Ours is a complicated world. We know, for example, from our studies in the mathematics of chaos (chaos theory) that a butterfly’s flapping its wings in China can lead to a hurricane forming in another part of the world. But, when we watch a butterfly flapping its wings, we cannot possibly predict whether that butterfly’s flapping will lead to a hurricane or not. Similarly, we know that good sometimes arises out of disasters, but we have no way of assessing how good comes out of it anymore than we can really assess how much suffering it causes: the suffering can play out immediately (and over time) and the good may not occur for centuries, and perhaps never matches the amount of evil that brought it about (or maybe exceeds it). The only thing we can really know is that the good almost certainly will not come about without direct human effort.
December 2005 Update
The CNN website recently had an article about a theory that the 700,000 ton Taipei building is contributing to increased earthquake frequency in that region of the world. (Imagine 700,000 Tons!) When you consider this and consider that we also displace a lot of earth in building other skyscrapers and roads, and when you also consider how we are contributing to global warming, you can see that we, humanity in general, should probably be taking the blame for a lot of “natural disasters.”

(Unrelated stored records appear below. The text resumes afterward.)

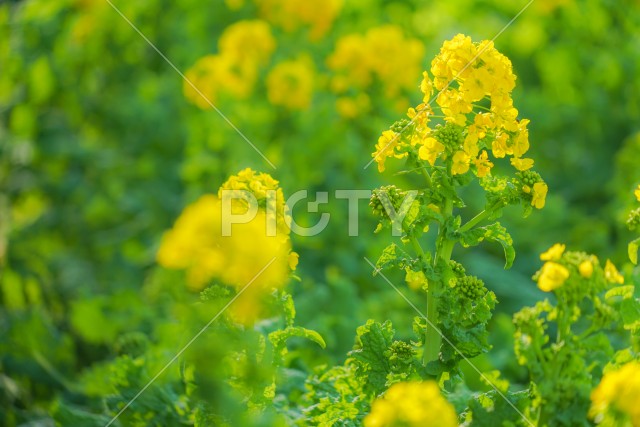 三浦海岸の菜の花畑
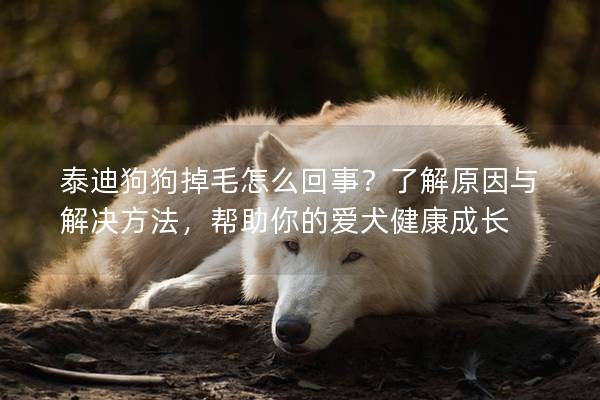 泰迪狗狗掉毛怎么回事？了解原因与解决方法，帮助你的爱犬健康成长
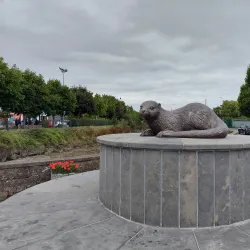 Lough Mahon - Carrigaline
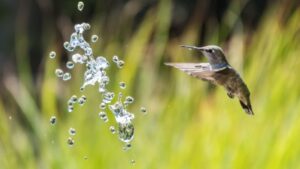 Canon 90D landscape settings - adjusting shutter speed
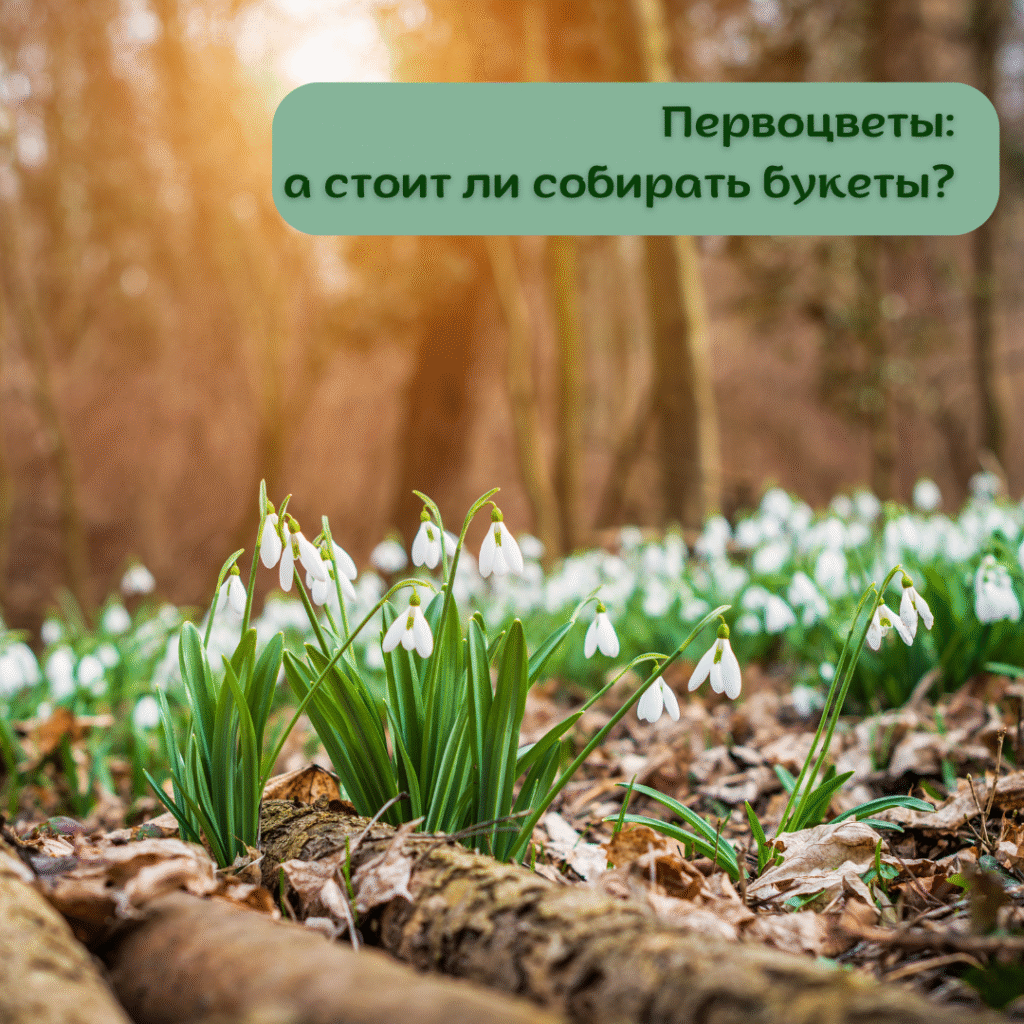 Первоцветы: а стоит ли собирать букет?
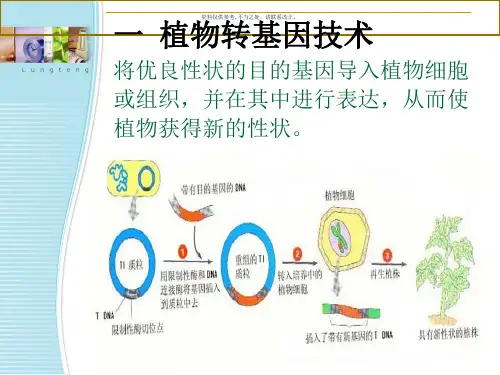 转基因植物和安全评价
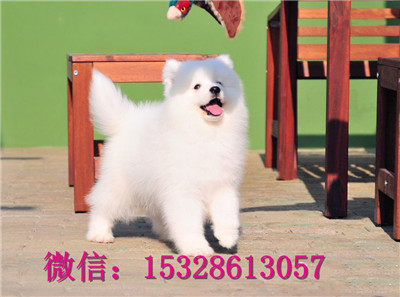齐齐哈尔哪里有萨摩耶出售萨摩耶幼犬价格赛级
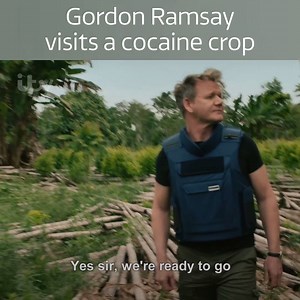 Shots are fired when Gordon and Colombian police visit a cocaine crop. Gordon Ramsay on Cocaine. Tonight 9pm, ITV. | ITV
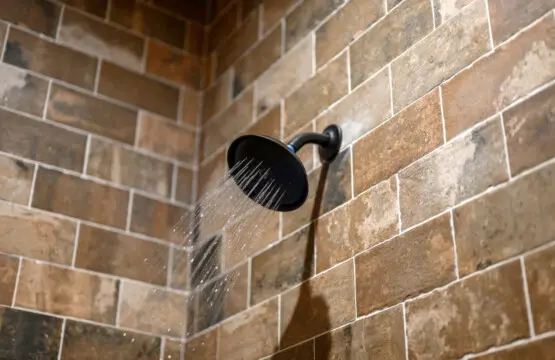 65934 403832 nESHAMNFjowKTTCWfIz6wkgpgrtPT4f4Vt5LyMVx4Ms 68522f64ada7c.jpg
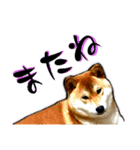 柴犬から一言お返事 shibainu（個別スタンプ：26）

It is so easy for a cynic and skeptic like me to look at an event like the 2004 tsunami and view it as “proof” that there is no loving god. In so doing, I overlook how very much we ourselves contribute to the making of such disasters. Are we so shortsighted that we think we can move 700,000 tons around and concentrate it in one spot and that it will not have an impact on the tectonic plates?
That quote comes from this little piece, which I wrote in 2005.
You may also be interested in this article I wrote in 2003 entitled, The New Age Paradigm. The article appears at Rich Deem’s Evidence For God site, which has tons of fascinating articles. I’m certainly not in agreement with all of his articles, but they all do provide good food for thought.
Anyway, sometimes it can be instructive to revisit the past.